XML/TA library for glib2 and pcre

xmlg 0.7.18
unfinished documents:
NODEMODEL
XPATHDEF
CHECKING
HYPERCSS
TEXTMINING
 the XM nodes struct

The XML Nodes in XML/TA are a subclass of glib's GNodes and therefore
their basic header file is called "xml/gnode.h" and the methods are
called firstly "xml_g_node_" reflecting the original naming scheme
of "g_node_" - in fact, most are just "inline"rs pointing at them.

As a GNode, it has four basic pointers ".next" ".prev" ".parent" and
".children". The glib functions don't quite like a root node with
siblings, but  "prev || ! .parent || .parent.children == .this"
should be kept always as an assertion, i.e. children points to
the first node in the sibling chain.

The firstmember of "GNode" is a "gpointer data" which has been
renamed into "gchar* name". It does hold the XML element name
and should be g_free'd. After the basic GNode layout, four
extra members exist - that's why you should not try to use the
g_node_new / g_node_free on xml_GNodes since that will not be
correct due to glib internal pool node scheme.

The three members "GString .text" and "gsize off" and "gsize end"
form the basis of the TA model.
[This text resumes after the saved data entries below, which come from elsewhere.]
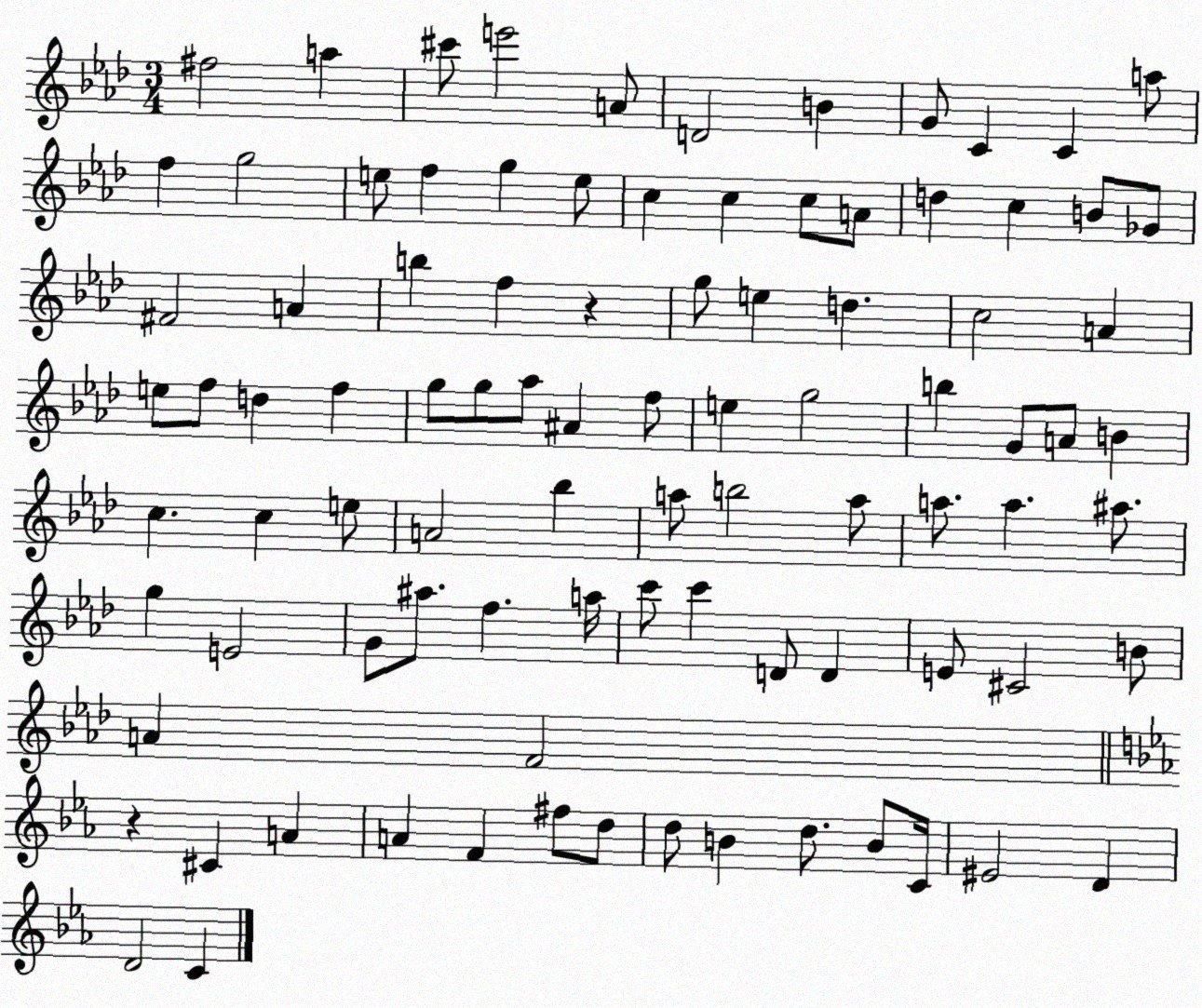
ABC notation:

X:1
T:Untitled
M:3/4
L:1/4
K:Ab
^f2 a ^c'/2 e'2 A/2 D2 B G/2 C C a/2 f g2 e/2 f g e/2 c c c/2 A/2 d c B/2 _G/2 ^F2 A b f z g/2 e d c2 A e/2 f/2 d f g/2 g/2 _a/2 ^A f/2 e g2 b G/2 A/2 B c c e/2 A2 _b a/2 b2 a/2 a/2 a ^a/2 g E2 G/2 ^a/2 f a/4 c'/2 c' D/2 D E/2 ^C2 B/2 A F2 z ^C A A F ^f/2 d/2 d/2 B d/2 B/2 C/4 ^E2 D D2 C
The TA = TextArray is actually
a GString, and the two size-offsets simply tell the start and end
of the text associated with this node. To duplicate a node's text
content you would use g_strndup (with length param!) as follows:
g_strndup (node->text->str + node->off, node->end - node->off);

To use two gsize parameters has the benefit of easy navigation
inside the tree - every TA position can be easily looked up to
find the containing node by simply asking for off <= pos < end.
Node that a PCRE expression will generally return the spans as
a 2-tupel of offsets into the string it was given - those can
be directly fed to the navigation/insertion rules of the xmlg lib.

Note that a node might not have a "name" in which case it should
utterly be ignored (invisible nodes), and when "text" has been
set to "null" then this nodes has no position in the XML tree
as well, not even a starting position. Most subroutines should
be ready to check these "problems" - the basic loader routines 
will always inject the reference offsets into the text array.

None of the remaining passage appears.